• **Data block**:
__________________________________________________

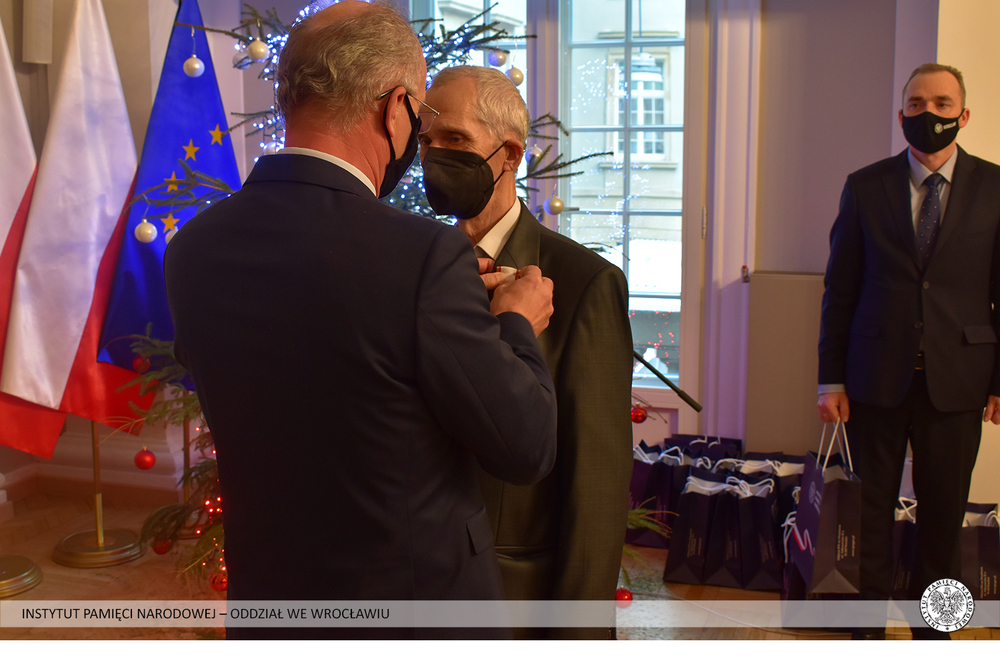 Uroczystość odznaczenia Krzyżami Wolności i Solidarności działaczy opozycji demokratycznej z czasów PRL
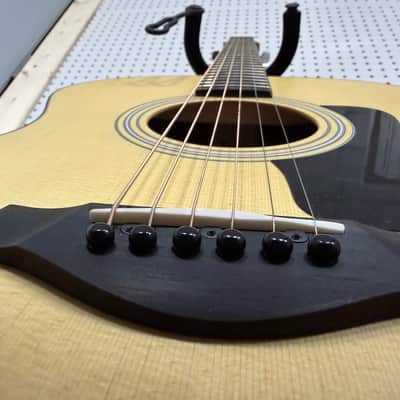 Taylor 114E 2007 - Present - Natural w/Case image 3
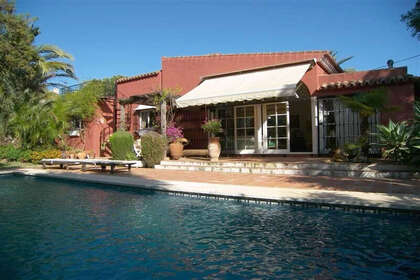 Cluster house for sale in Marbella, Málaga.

__________________________________________________

• **What you will do**:
Write the listing out exactly, word for word, but omit the pictures.

• **Solution for this problem**:
 Uroczystość odznaczenia Krzyżami Wolności i Solidarności działaczy opozycji demokratycznej z czasów PRL
 Taylor 114E 2007 - Present - Natural w/Case image 3
 Cluster house for sale in Marbella, Málaga.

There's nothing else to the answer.